R.L. Osborn

BMX Racing History · Rider Profile · Legend Bike Co

R.L. Osborn

Known for: Founding figure of freestyle BMX
Connection: Son of BMX Action founder Bob Osborn
Team: BMX Action Freestyle Team / Redline
Frame design: Redline RL-20II Freestyle
After Redline: Founded BULLY Bikes
Era: Late 1970s through mid-1980s

R.L. Osborn didn't invent freestyle BMX by himself. But he and Bob Haro were the two people who first turned it into something people paid to watch. They were both working at BMX Action magazine — R.L. as a test rider, Haro as an illustrator — and after hours they started doing tricks on their bikes in the parking lot and on ramps around Torrance. Wheelies, rollbacks, curb endos. Stuff that had no class at any race, no rules, no points. They did it because they could.

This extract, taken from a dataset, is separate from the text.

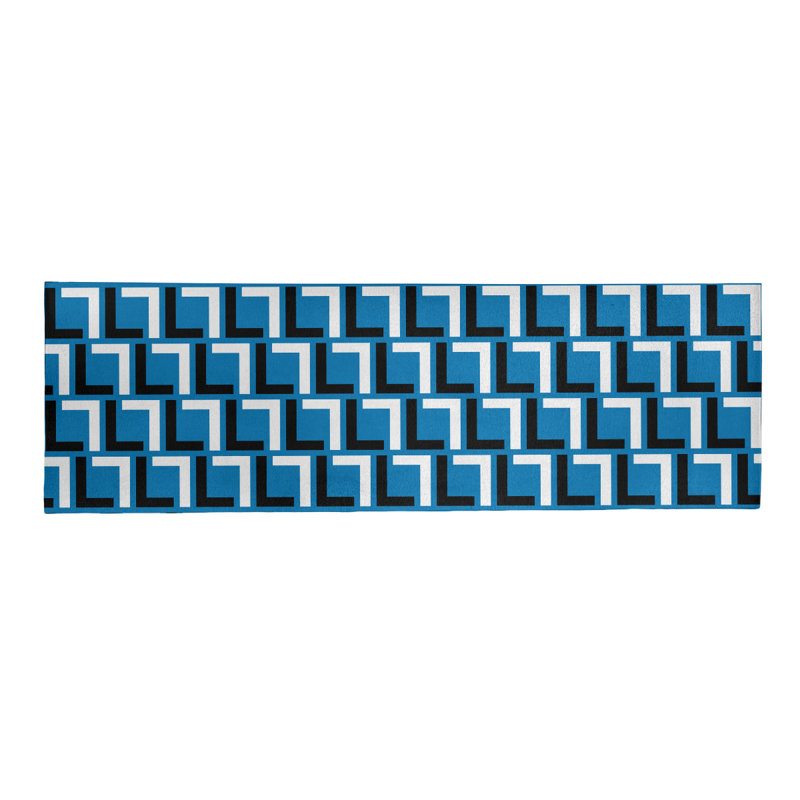 Tapis de couloir à motif géométrique bleu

Their first public performance was at the ABA Winternationals in February 1980. The magazine formally put them on the road as the BMX Action Freestyle Team — touring riders doing demos at races and shows across the country. This was before the word "freestyle" was in common use. The frames they were riding were Redlines, and those demos are the direct origin point of the freestyle industry that followed.

R.L. stayed with the BMX Action Freestyle Team and his Redline sponsorship through the early 1980s, and his connection to the brand ran deeper than just riding. He was directly influential in the design of the Redline RL-20II — the freestyle frame that carried his initials and eventually gained the traction the original RL-20 Prostyler hadn't. It was one of the first production freestyle frames to reflect real rider input at the design stage.

When his Redline deal ended, he didn't go to another established brand. He started his own company: BULLY Bikes. That move put him alongside the generation of rider-owned brands — Haro, Hoffman, S&M — that came to define the post-boom era of BMX.